MATERIAL SUPPLIED:
────────────────

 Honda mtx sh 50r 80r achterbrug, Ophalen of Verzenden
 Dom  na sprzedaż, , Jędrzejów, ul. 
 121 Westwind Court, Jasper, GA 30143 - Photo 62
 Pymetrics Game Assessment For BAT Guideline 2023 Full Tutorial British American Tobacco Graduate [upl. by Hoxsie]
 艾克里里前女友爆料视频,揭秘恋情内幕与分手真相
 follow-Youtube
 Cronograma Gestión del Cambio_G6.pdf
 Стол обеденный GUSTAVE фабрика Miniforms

────────────────

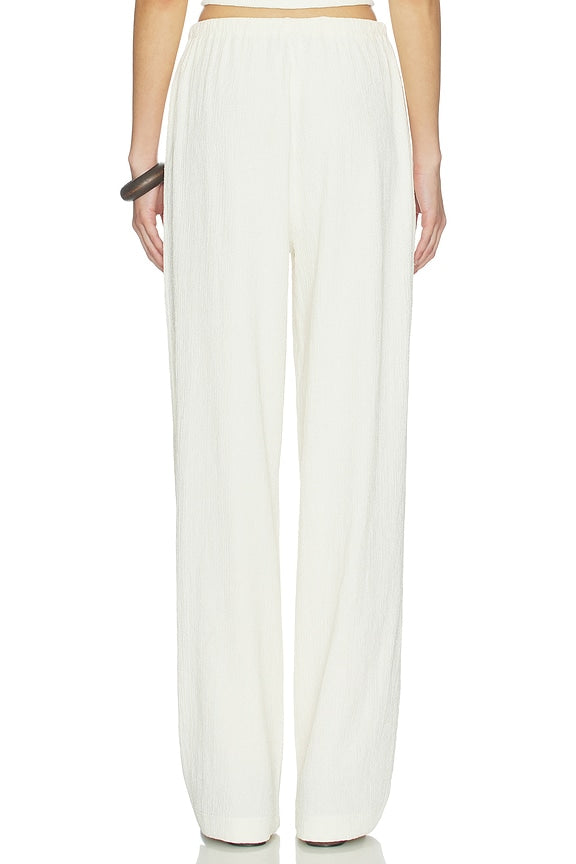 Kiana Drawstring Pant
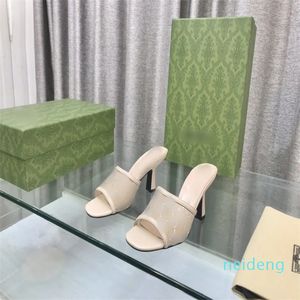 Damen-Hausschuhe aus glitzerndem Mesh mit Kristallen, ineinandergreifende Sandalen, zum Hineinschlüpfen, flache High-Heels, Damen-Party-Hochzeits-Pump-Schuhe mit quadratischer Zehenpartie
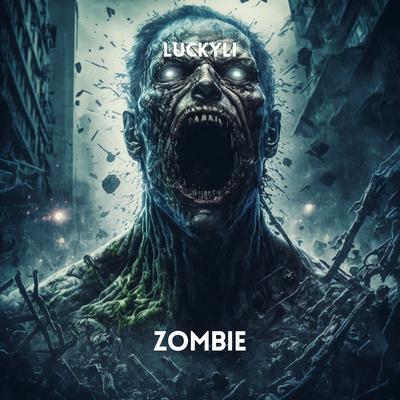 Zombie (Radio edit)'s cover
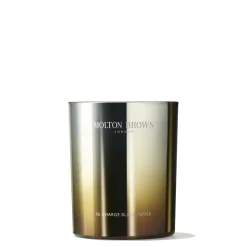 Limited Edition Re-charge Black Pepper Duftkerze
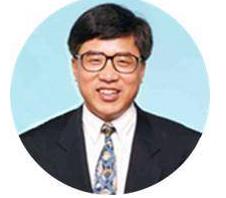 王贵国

────────────────

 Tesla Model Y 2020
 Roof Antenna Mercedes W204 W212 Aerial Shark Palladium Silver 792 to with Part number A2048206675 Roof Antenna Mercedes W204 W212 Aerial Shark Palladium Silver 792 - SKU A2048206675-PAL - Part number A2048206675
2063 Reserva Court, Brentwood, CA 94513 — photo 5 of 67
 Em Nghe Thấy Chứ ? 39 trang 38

────────────────

Which lines above run from the one containing "Honda mtx sh" down to the one containing "Стол обеденный GUSTAVE фабрика Miniforms"? Repeat exactly those, both ends included, and nothing else.

 Honda mtx sh 50r 80r achterbrug, Ophalen of Verzenden
 Dom  na sprzedaż, , Jędrzejów, ul. 
 121 Westwind Court, Jasper, GA 30143 - Photo 62
 Pymetrics Game Assessment For BAT Guideline 2023 Full Tutorial British American Tobacco Graduate [upl. by Hoxsie]
 艾克里里前女友爆料视频,揭秘恋情内幕与分手真相
 follow-Youtube
 Cronograma Gestión del Cambio_G6.pdf
 Стол обеденный GUSTAVE фабрика Miniforms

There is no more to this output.